In pratica, se scriviamo stronzate, da autori quali diciamo di essere, dovremmo sentirne subito il puzzo. Altrimenti ci occorre un intervento chirurgico al naso.
Per i dettagli traditori ci sono gli editor. Ok, lo sappiamo.
Se non si è in grado di capire da sé se una cosa scritta/pensata fa schifo, allora forse è il momento di rimettersi a studiare, ché siamo carenti dei mezzi necessari. In pratica, stiamo usurpando un ruolo che (ancora) non ci compete.
Non possiamo dirci autori se non abbiamo il pieno controllo su lingua parlata, scritta, storia e personaggi e metodi di narrazione.
Siamo dei cialtroni cui l’internet ha concesso i mezzi per pubblicare comunque la nostra “opera”. “Opera” che non andrà molto al di là dello schifo con cui è stata messa insieme: le paludi dell’intelletto.
Ma non divaghiamo.
Un buon autore (o autrice), quindi, è colui/colei che è innanzitutto consapevole dei propri mezzi.

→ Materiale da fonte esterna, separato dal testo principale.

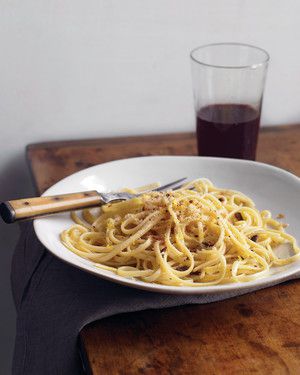 Linguine with Garlic and Breadcrumbs_image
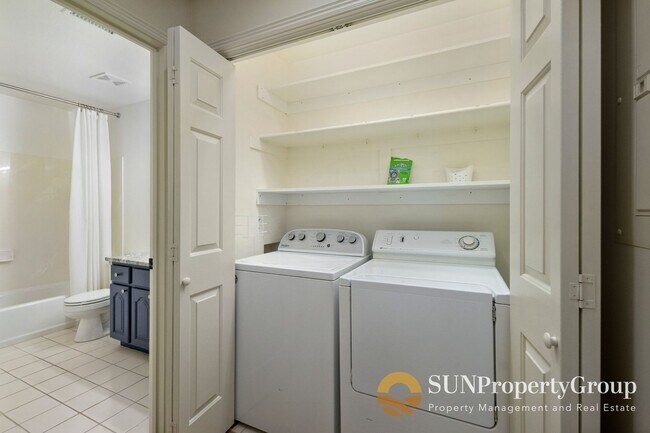 Building Photo - Luxury Condo In Desirable Salt Lake Community
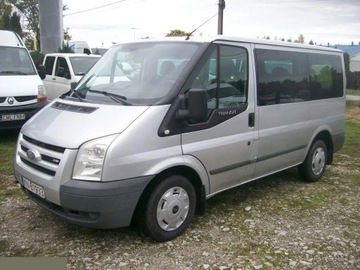 Ford Transit VI Kombi SWB 2.2 Duratorq TDCi 115KM 2010 Ford Transit 2.2d 116KM 2010r 9 osobowy Doinwestowany! Śliczny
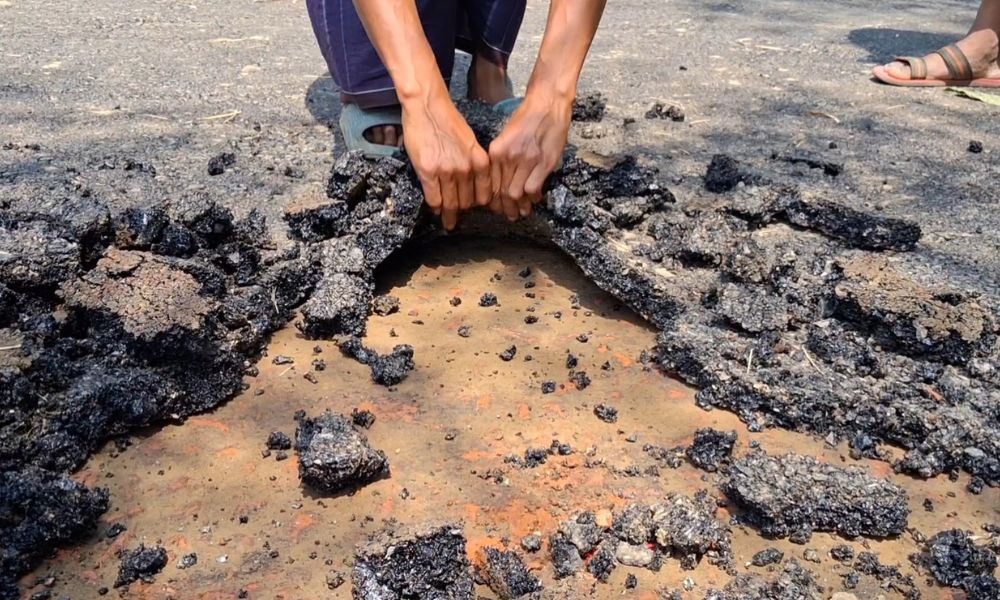 হাতের টানে উঠে আসছে সড়কের কার্পেট, তদন্তে কমিটি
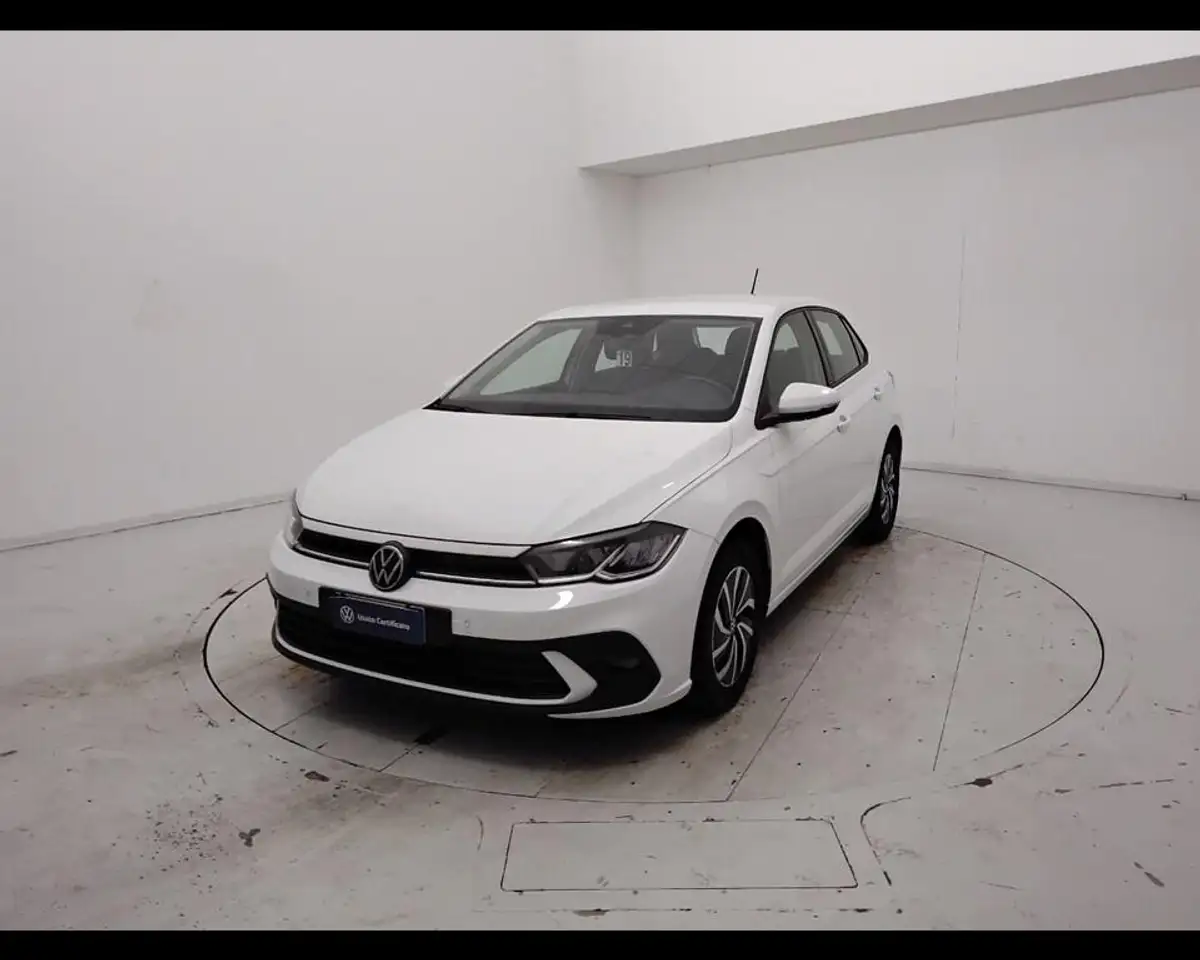 Volkswagen Polo 1.0 tsi Life 95cv — photo 1 of 15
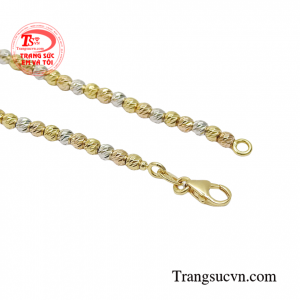 Sản phẩm sẽ là sự lựa chọn hoàn hảo cho những cô nàng theo phong cách nữ tính, dịu dàng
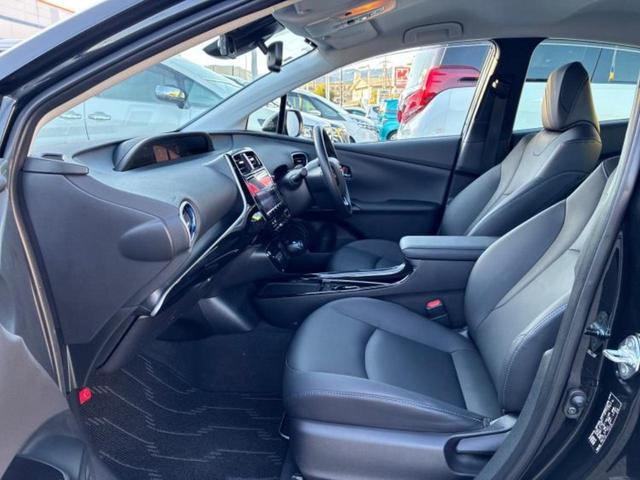 プリウス Ａツーリングセレクション　新品タイヤ／保証書／純正　９インチ　ＳＤナビ／衝突安全装置／シートヒーター／パノラミックビューモニター／車線逸脱防止支援システム／シート　合皮／パーキングアシスト　バックガイド　衝突被害軽減システム（6枚目）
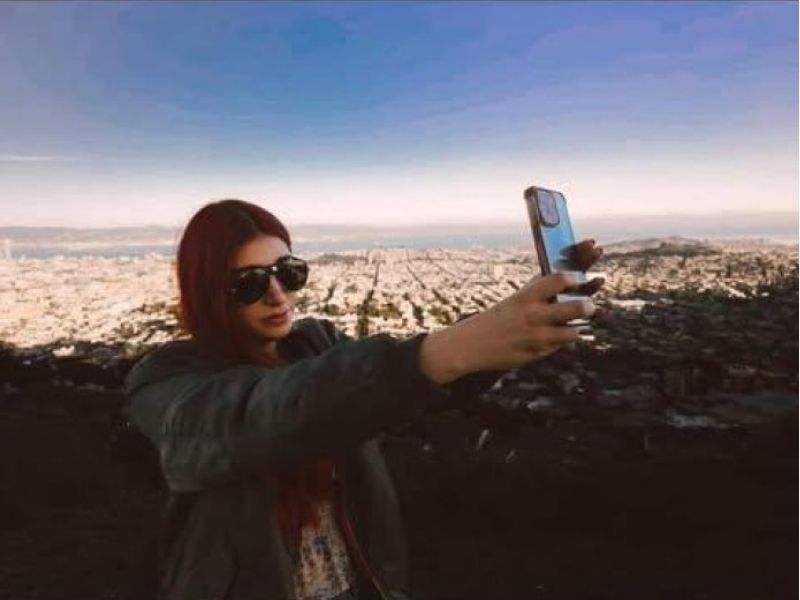 Fercha, artista urbana salvadoreña.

Altra cosa, indispensabile e che va a braccetto con quanto dichiarato testé, è che non ci si deve mai considerare fatti e finiti, o miracolati da Apollo: lo studio e l’esercizio nella scrittura devono essere costanti.
Saprete di aver fatto un buon lavoro e di essere progrediti quando, riprendendo tra le mani scritti di qualche anno prima, li considererete primitivi, colmi di imprecisioni che all’epoca nemmeno sapevate potessero esistere.
I lettori sono importanti, è vero, nessuno lo nega: sono i destinatari ultimi del vostro messaggio scritto. Ma la maggior parte di essi è interessata soltanto a leggere il prodotto finito, non vuole conoscervi, né consigliarvi. Non ha alcun interesse a farvi progredire.
Dovete essere voi a percepirli, a anticipare i loro stati d’animo di fronte alla lettura di un determinato capitolo, di fronte a un colpo di scena.
Dovete persino essere in grado di far cambiare loro idea.
Siate autori, quindi, e editor di voi stessi.
Ma sappiate che la scrittura è soprattutto un lavoro di squadra. Ma di questo ne parleremo in un altro momento.